To confirm that the EFR parameters used here were indeed sensitive to putative CND, we measured EFRs using identical stimuli, acquisition, and analysis parameters in young (22wk) and middle-aged (80wk) Mongolian gerbils (Fig. 2A). The hearing range of gerbils largely overlaps with that of humans at speech frequencies (39), making them an ideal animal model for direct comparison in cross-species studies. Middle-aged gerbils showed no loss of hearing thresholds, similar to middle-aged humans (Fig. 2B). Remarkably, gerbils also exhibited a selective decrease in EFR amplitudes for AM rates at 1024Hz, similar to middle-aged humans (Fig. 2C, Table 6). CND in gerbils was assessed using immunohistological analysis of cochlear whole mounts, where the cell bodies, presynaptic ribbon terminals and the post-synaptic glutamate receptor patches were immunostained, visualized using confocal microscopy, and quantified from 3D reconstructed images (Fig. 2D). Significant decreases in afferent synapse counts were present in middle-aged gerbils, reaching up to 20% losses compared to the young gerbils (Fig. 2E, Table 7). Further, EFR amplitudes were significantly correlated to the number of remaining cochlear synapses (Fig. 2F), thus confirming that our EFRs were a sensitive metric of CND.
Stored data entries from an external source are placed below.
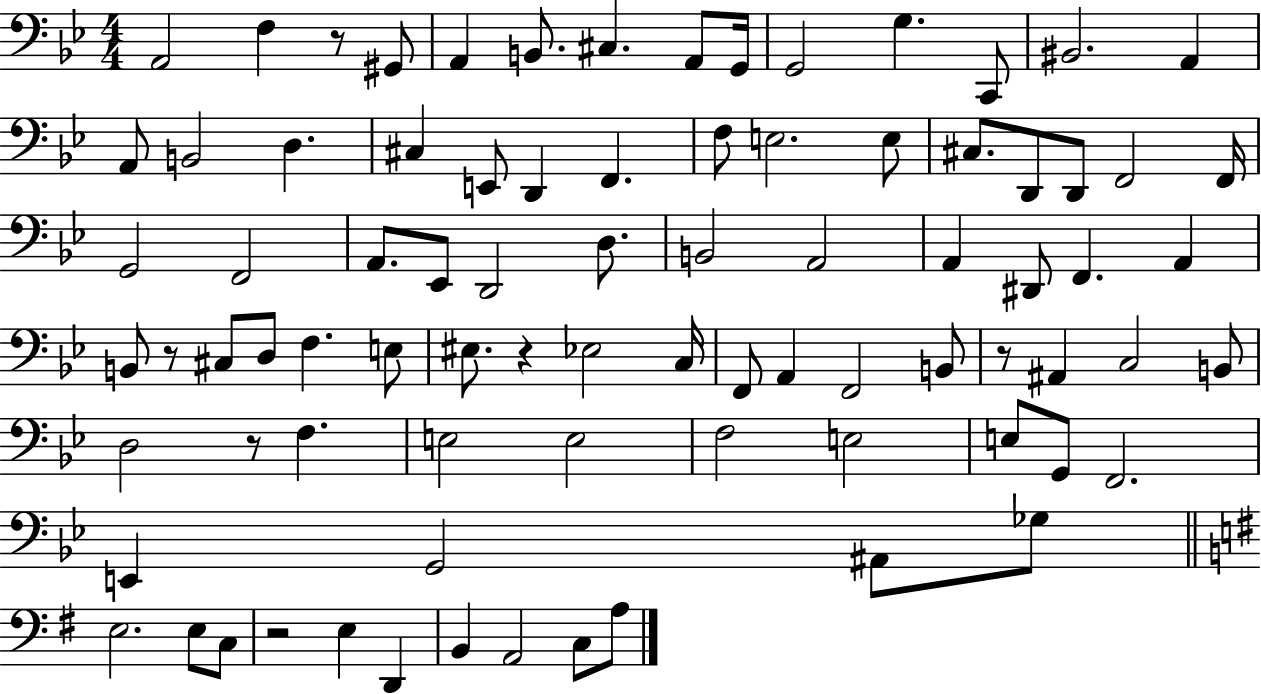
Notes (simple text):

A2/h F3/q R/e G#2/e A2/q B2/e. C#3/q. A2/e G2/s G2/h G3/q. C2/e BIS2/h. A2/q A2/e B2/h D3/q. C#3/q E2/e D2/q F2/q. F3/e E3/h. E3/e C#3/e. D2/e D2/e F2/h F2/s G2/h F2/h A2/e. Eb2/e D2/h D3/e. B2/h A2/h A2/q D#2/e F2/q. A2/q B2/e R/e C#3/e D3/e F3/q. E3/e EIS3/e. R/q Eb3/h C3/s F2/e A2/q F2/h B2/e R/e A#2/q C3/h B2/e D3/h R/e F3/q. E3/h E3/h F3/h E3/h E3/e G2/e F2/h. E2/q G2/h A#2/e Gb3/e E3/h. E3/e C3/e R/h E3/q D2/q B2/q A2/h C3/e A3/e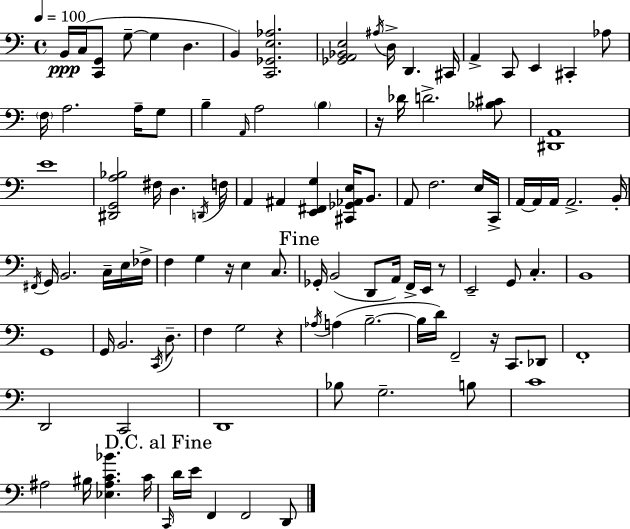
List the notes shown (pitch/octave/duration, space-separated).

B2/s C3/s [C2,G2]/e G3/e G3/q D3/q. B2/q [C2,Gb2,E3,Ab3]/h. [Gb2,A2,Bb2,E3]/h A#3/s D3/s D2/q. C#2/s A2/q C2/e E2/q C#2/q Ab3/e F3/s A3/h. A3/s G3/e B3/q A2/s A3/h B3/q R/s Db4/s D4/h. [Bb3,C#4]/e [D#2,A2]/w E4/w [D#2,G2,A3,Bb3]/h F#3/s D3/q. D2/s F3/s A2/q A#2/q [E2,F#2,G3]/q [C#2,Gb2,Ab2,E3]/s B2/e. A2/e F3/h. E3/s C2/s A2/s A2/s A2/s A2/h. B2/s F#2/s G2/s B2/h. C3/s E3/s FES3/s F3/q G3/q R/s E3/q C3/e. Gb2/s B2/h D2/e A2/s F2/s E2/s R/e E2/h G2/e C3/q. B2/w G2/w G2/s B2/h. C2/s D3/e. F3/q G3/h R/q Ab3/s A3/q B3/h. B3/s D4/s F2/h R/s C2/e. Db2/e F2/w D2/h C2/h D2/w Bb3/e G3/h. B3/e C4/w A#3/h BIS3/s [Eb3,A#3,C4,Bb4]/q. C4/s C2/s D4/s E4/s F2/q F2/h D2/e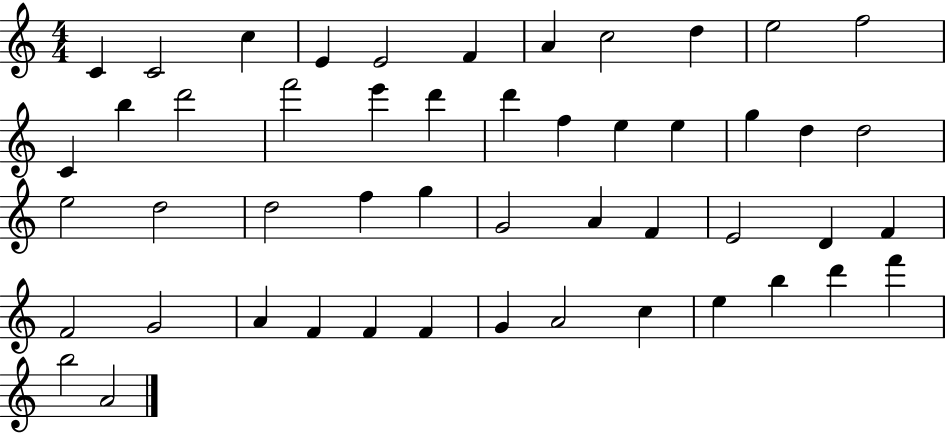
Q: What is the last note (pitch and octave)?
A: A4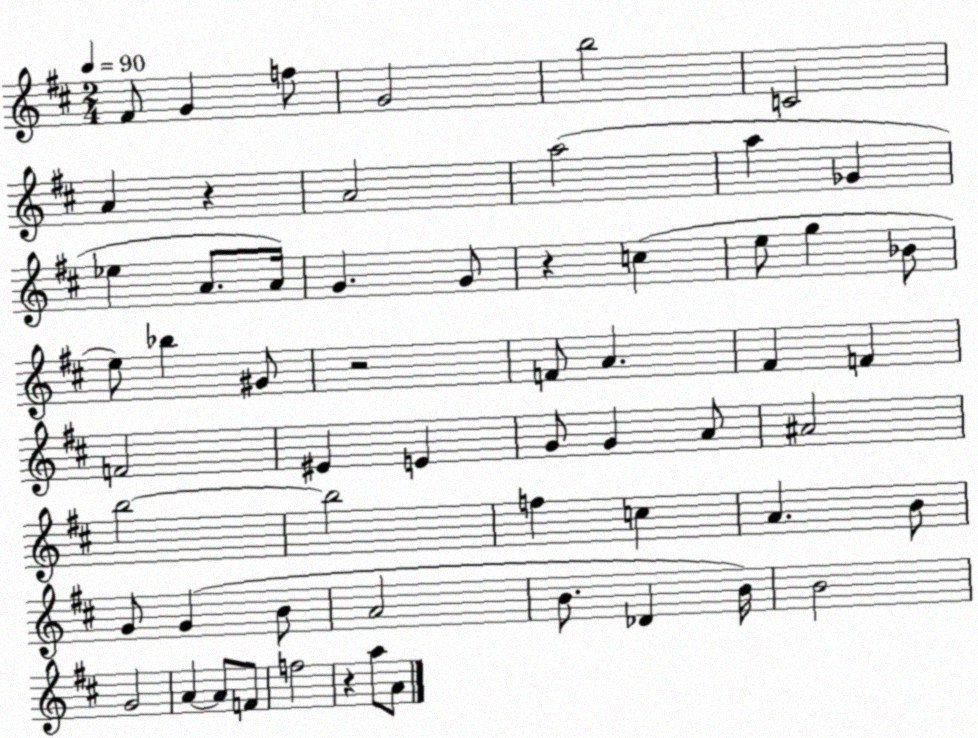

Cross-species experiments in a rodent model show that EFRs are a sensitive biomarker for histologically confirmed CND.

(A) Cross-species comparisons were made with young (22+ 0.86 weeks, n = 14) and middle-aged (80+ 0.76 weeks, n = 13) Mongolian gerbils, with identical stimuli, recording, and analysis parameters. (B) Middle- aged gerbils did not show any age-related decreases in hearing thresholds. (C) Age-related decreases in EFR amplitudes were isolated to the 1024Hz modulation frequency, similar to middle-aged humans in Fig1K. (D) CND was quantified for a subset of these gerbils (n = 10 young and 10 middle-aged) using immunostained organ of Corti whole mounts, where afferent excitatory synapses were quantified using 3D reconstructed images. (E) Cochlear synapse counts at the 3kHz cochlear region corresponding to the carrier frequency for the EFRs was significantly decreased in middle-aged gerbils, despite matched auditory thresholds. (F) EFR amplitudes at 1024Hz AM were significantly correlated with the number of remaining cochlear synapses, suggesting that these EFRs are a sensitive metric for CND with age. All panels: Error bars and shading represent standard error of the mean (SEM). Asterisks represent p<0.05, ANOVA.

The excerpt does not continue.